I shared the comments below with both BCPR and the consultant.

1. As mentioned in a previous message, the current draft is very weak when it comes to the ICTs for governance and inclusive participation (or inclusive governance, etc.) but very strong on the conflict side.

2. I think these issues stem from the fact that there seems to be some confusion regarding the core objectives of the GN. This is perhaps best reflected in the opening question or provisional title given to the note: How can ICT support democratic governance FOR conflict prevention. Preferably, the problem is: how can ICT support Inclusive governance AND conflict prevention.

3. In the current draft, the work UNDP has done in the last 20 years in ICTs for development and Governance becomes a footnote. Not surprisingly, the note has somehow taken conflict as the core argument leaving the rest on a second level. I am sure this is just a misunderstanding.

4. If we focus on the real question (both inclusive governance AND crisis) then we need to do at least three things:

4.1 Have an overall framework to place the seemingly unrelated issues (which as I see are actually strongly related)

4.2 Have background and analysis for each of the areas: ICTs for governance and ICTs for conflict, including real examples.

4.3 Have a section where we then provide concrete links between the two, bearing in mind that the core goal of the CoP if to build a single community of practitioners working in both areas.

5. As I see it, the broader field of work is inclusive or democratic governance (BTW, I suggest we avoid term definitions in the text as this can be contentious in many contexts, especially if we have to borrow from others!). One of the core principles of DG is the participation of people in policy and decision-making processes, something that today with the rapid diffusion of ICTs has become quite feasible.

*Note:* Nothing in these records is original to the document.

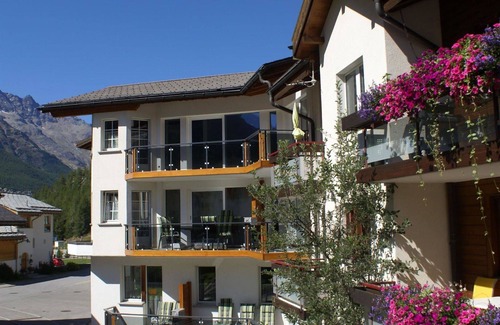 Saas Almagell Apartment | Beautiful apartment for 3 guests with WIFI, hot tub, TV and balcony
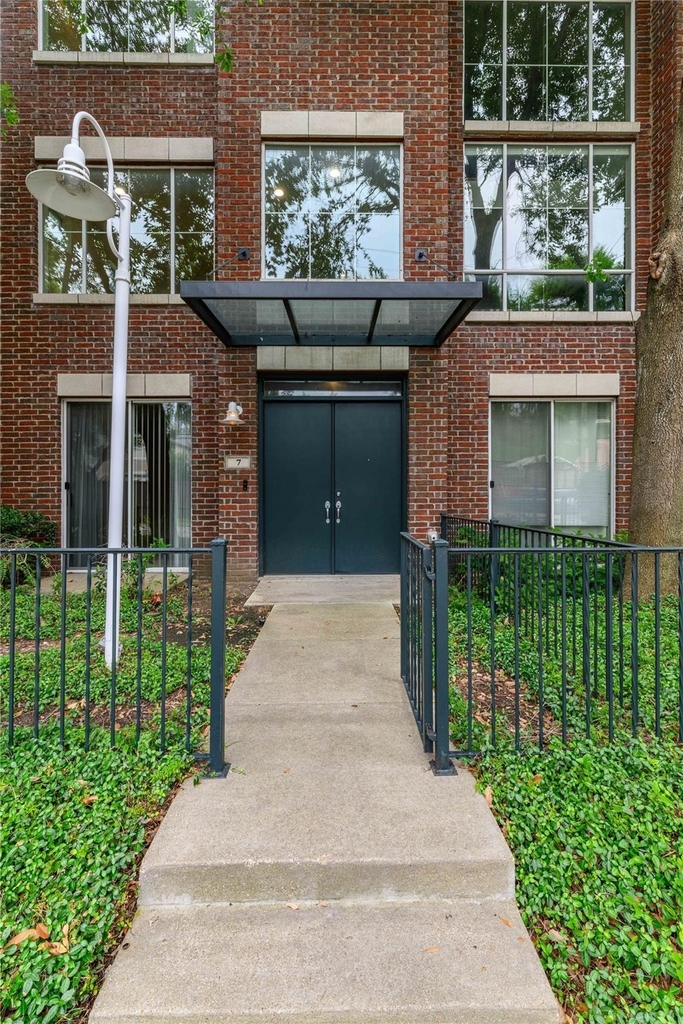 4239 Rawlins Street - Photo 28
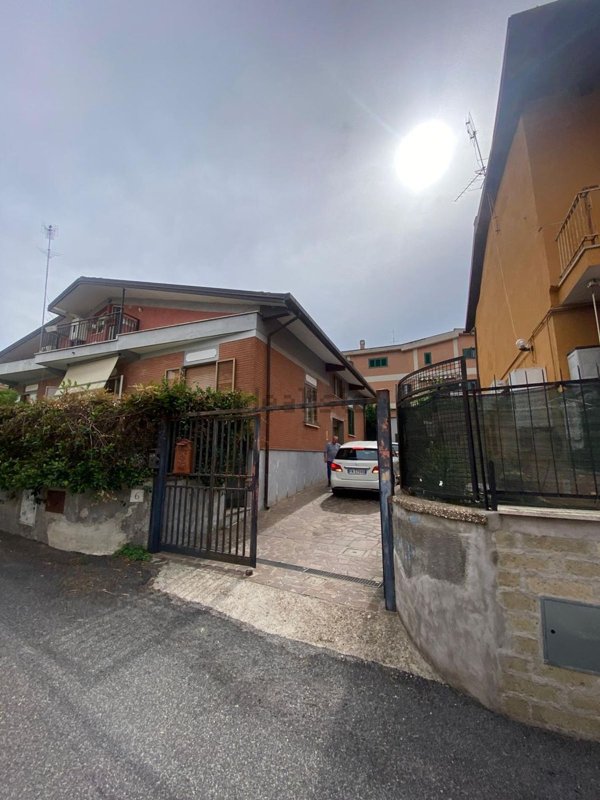 appartamento in vendita a Roma in zona Tomba di Nerone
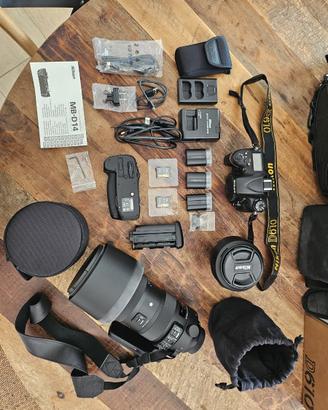 Fotocamera  ,obbiettivi e vari accessori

This, in principle, will lead to more transparency and accountability while ensuring that development investments are more in tune with people’s actual needs. This, in turn, will bring better development outcomes as supply will meet demand, etc. We can, in theory, get a virtuous development cycle, so to speak

6. This basic framework can then be brought to both ICT4DG and ICTs for conflict prevention (ICTD4CP), noting at the same time that the two areas are related. We should also avoid the idea that this is a geographical division. For example, conflict situations are present in many countries, at the local or regional level. Nevertheless, these countries cannot be defined as being in a state of conflict or crisis. “Contentious politics” seems to be a feature of the 21st century, etc.. It is in these areas, among others, that the two themes touch very closely. The GN should explore this more closely.

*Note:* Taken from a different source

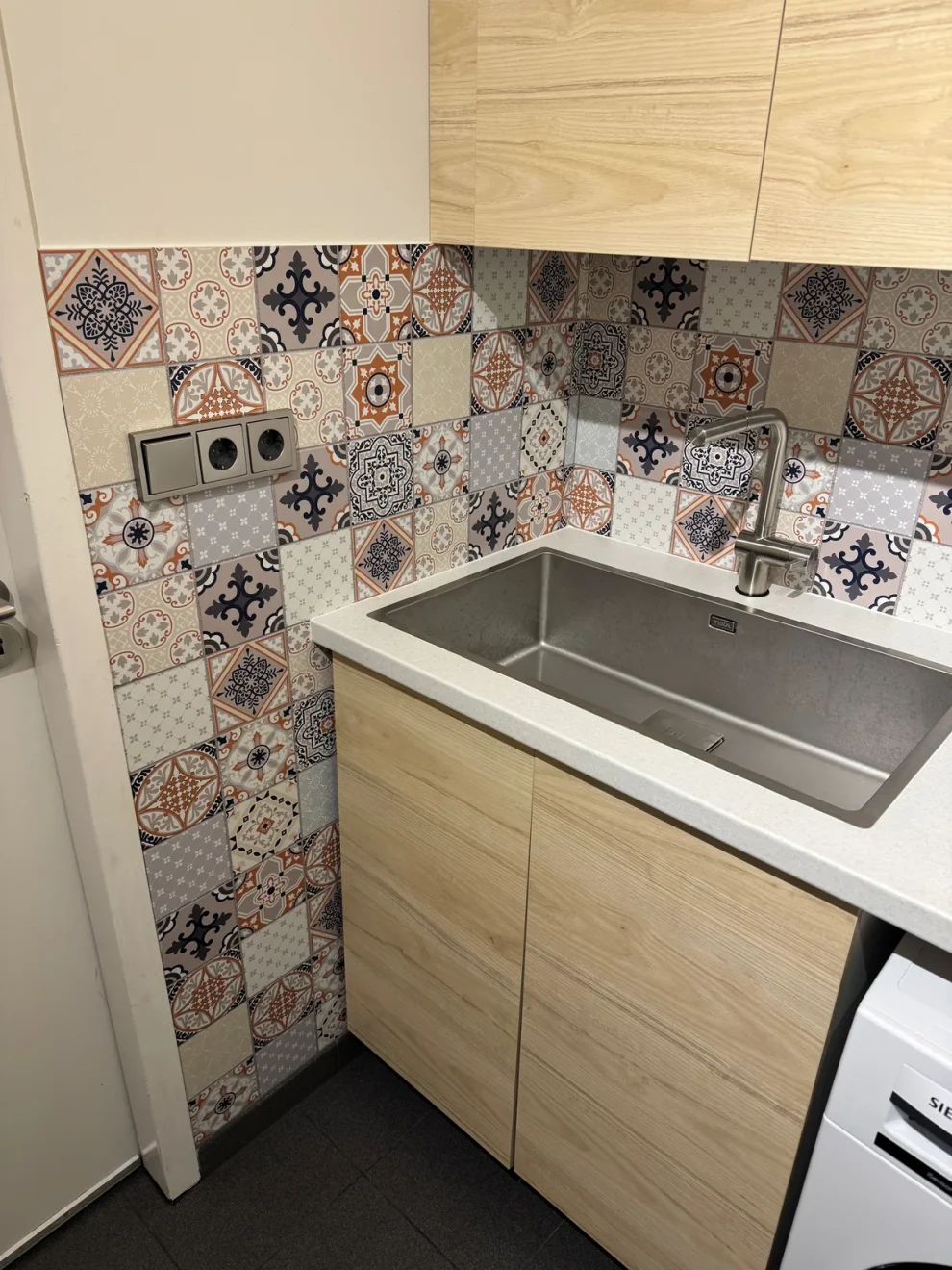 Spatwand met Portugees Tegel Design – Feldspar in de keuken van een klant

7. All of the above implies that we need to restructure the document. I suggest we (BDP/DGG) take the first shot on 4.1 and develop the first part of 4.2, on ICT4DG which includes e-governance and more

8. In terms of the current outline, it seems to me that we need a substantial section on practical Entry Points for COs. Let us bear in mind that the core issue here is to entice current DG and CP practitioners to make more extensive use of ICTs in their existing programming portfolios without them having to become ICT experts or programmers. For this to happen, we need more than just that a list of questions. A good example is this GN on governance in conflict situations:

http://www.undp.org/content/dam/aplaws/publication/en/publications/democratic-governance/dg-publications-for-website/governance-in-conflict-prevention-and-recovery-a-guidance-note/Guidance%20Note%20Governance%20in%20Conflict.pdf

(UNDP loves loooooooong URLs)

I have many other comments but will stop here for now.